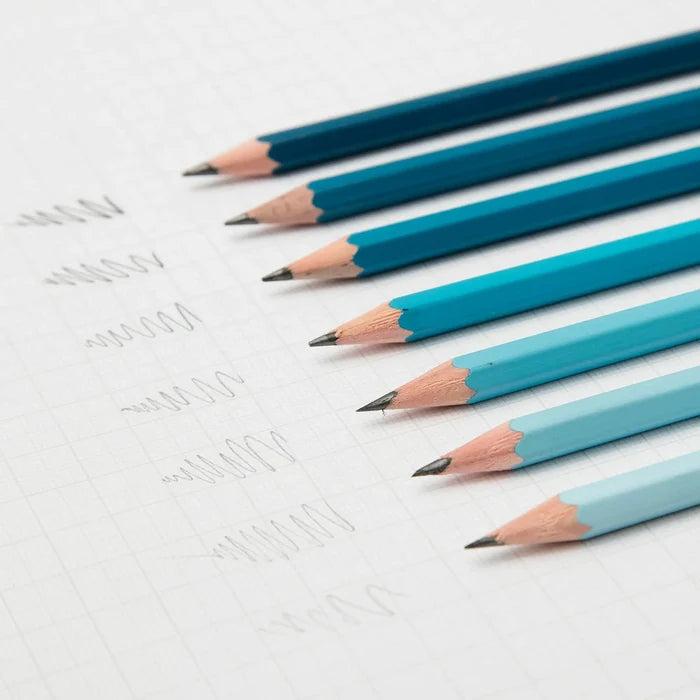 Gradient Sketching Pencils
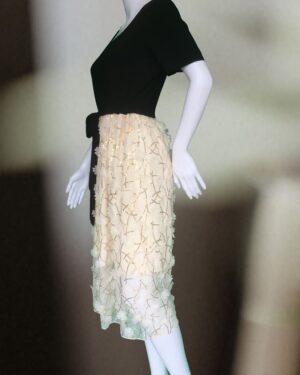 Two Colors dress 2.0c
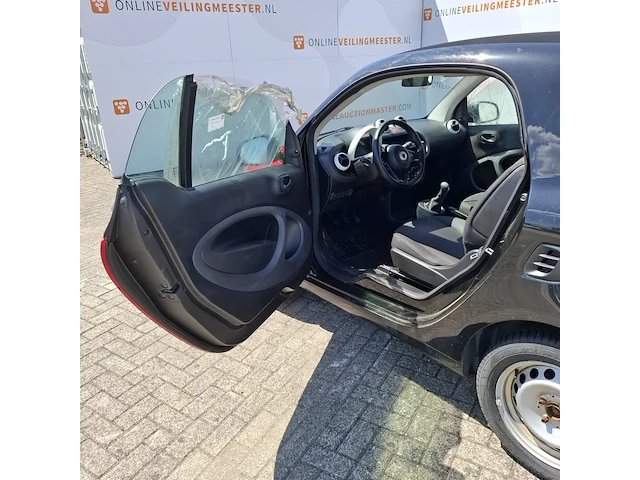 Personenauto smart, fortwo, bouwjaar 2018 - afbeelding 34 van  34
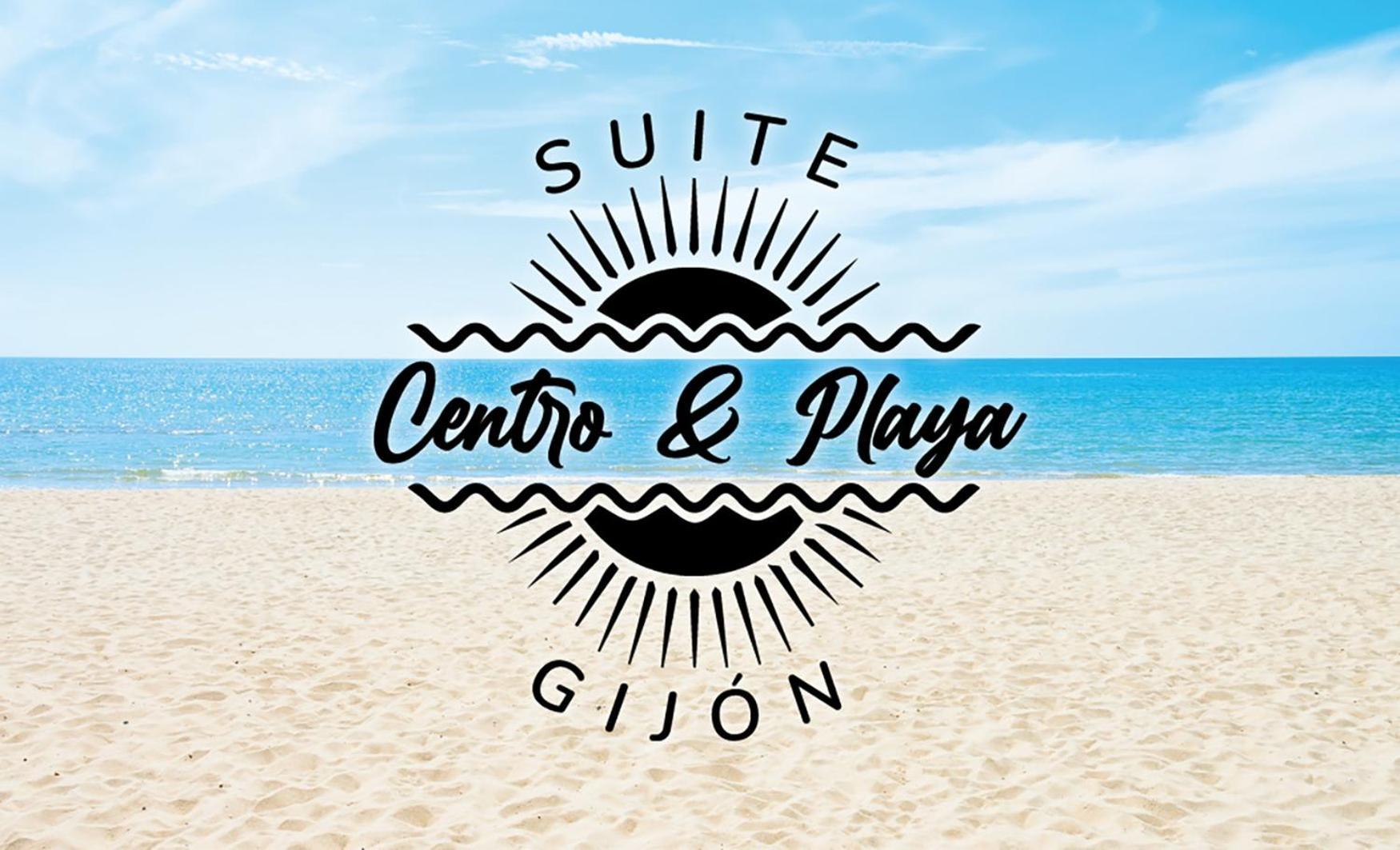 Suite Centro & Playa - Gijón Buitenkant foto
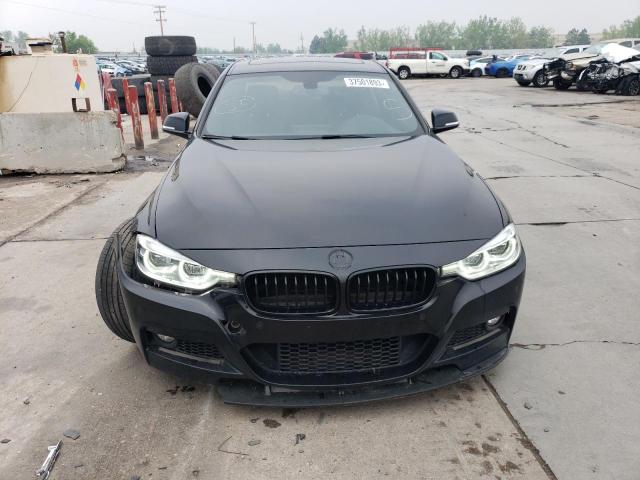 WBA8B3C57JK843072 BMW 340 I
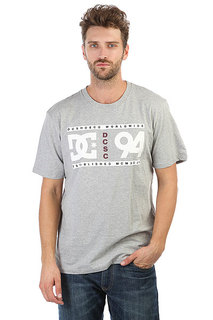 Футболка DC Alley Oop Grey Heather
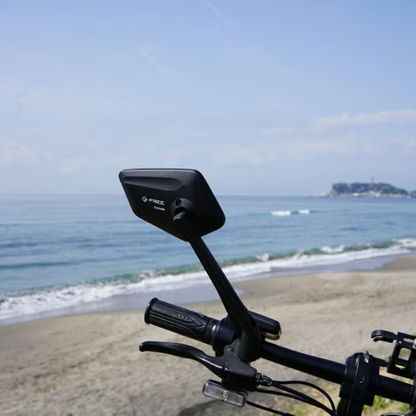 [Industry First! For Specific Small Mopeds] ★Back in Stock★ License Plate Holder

* **What to work on**
Without the pictures, write out every entry precisely as it appears.

* **Response below**
 Gradient Sketching Pencils
 Two Colors dress 2.0c
 Personenauto smart, fortwo, bouwjaar 2018 - afbeelding 34 van  34
 Suite Centro & Playa - Gijón Buitenkant foto
 WBA8B3C57JK843072 BMW 340 I
 Футболка DC Alley Oop Grey Heather
 [Industry First! For Specific Small Mopeds] ★Back in Stock★ License Plate Holder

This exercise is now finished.